Norway downplayed the significance of the move, noting that the goods that would be marked are not part of the agreement between Israel and the European Free Trade Association, of which Norway is a part.

In addition, Norway said, the decision was consistent with United Nations Security Council resolutions.

Norway clarified that it only recognized Israeli sovereignty within the pre-1967 lines and that east Jerusalem, the West Bank, Gaza and the Golan Height were occupied territories.

What were the reactions? 

The left-wing NGO Combatants for Peace lauded Norway for its "right and just" decision to take a stand against Israel's "oppression and dispossession of Palestinians in the occupied territories."

Combatants for Peace called on other countries to follow suit.

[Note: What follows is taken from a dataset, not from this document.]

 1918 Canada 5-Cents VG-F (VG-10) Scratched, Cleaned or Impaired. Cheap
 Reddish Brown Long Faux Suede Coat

It noted that Israel couldn't condemn Norway's decision to "differentiate between Israel and the territories because Israeli law does so as well."

Kiryat Arba-Hebron Council head Eliyahu Libman said that the Norwegian move would only hurt the many companies that work in companies in Judea and Samaria.

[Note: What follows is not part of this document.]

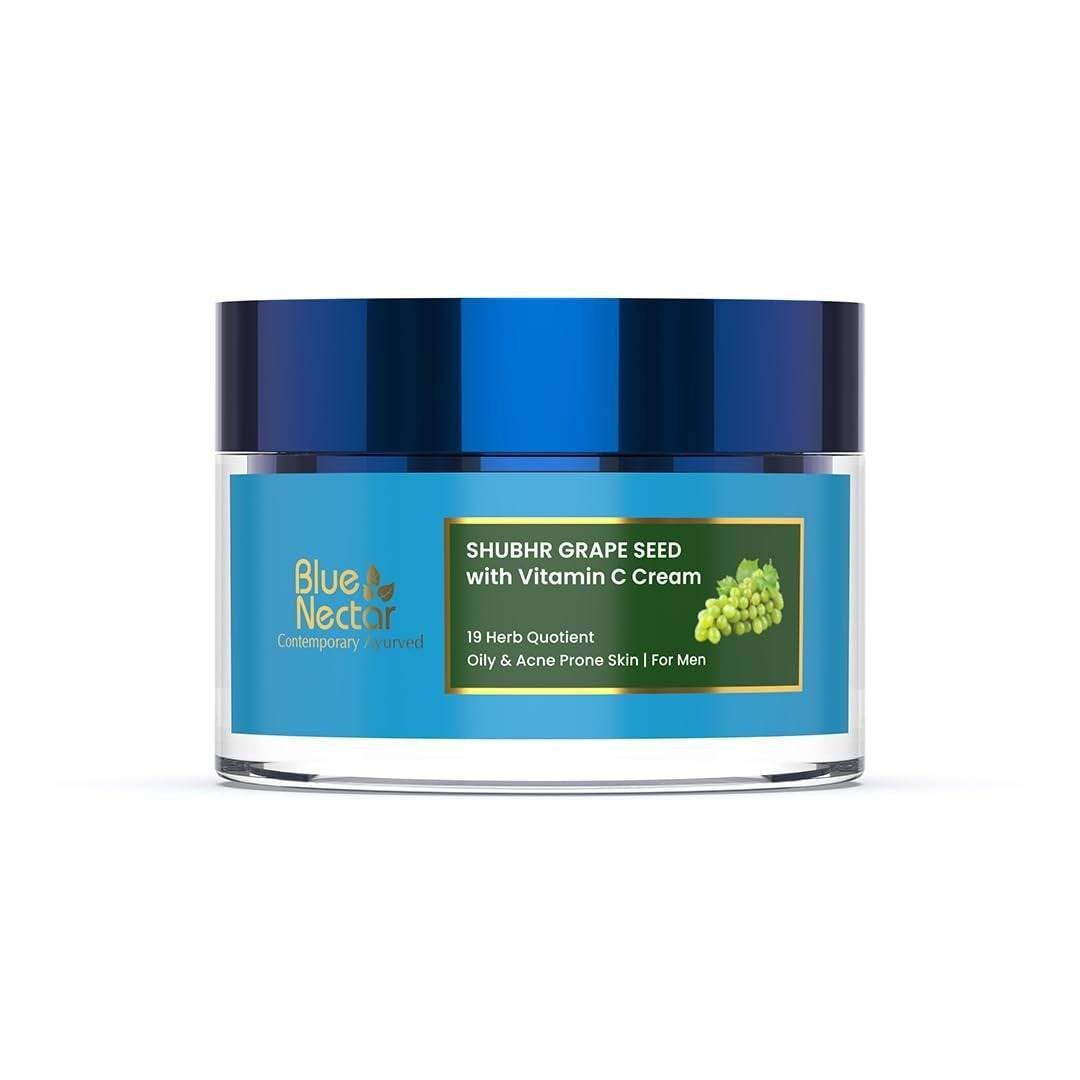 uk51XQv9WRYL-1.jpg Blue Nectar Vitamin C Face Moisturizer for Oily & Acne Prone Skin with Grapeseed | Oil-Free | Plant Based Vit C Lightweight Cream for Men (19 herbs, 50g) - Fast UK Delivery - Image 1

It's part of the rising European antisemitism, Libman said, adding that "we will continue to adhere to our truth" and to "develop the ancestral city of Kiryat Arba Hebron" as well as "to every parcel of land in Judea and Samaria belongs to us."

Eugene Kontorovich, who heads the International Law Department at the right-wing Kohelet Policy Forum, said that he blamed Israel for giving countries the impression that it was possible to take such stands against Israel.

"It is not a surprise that countries feel they can single Israel out when Israel doesn't defend itself."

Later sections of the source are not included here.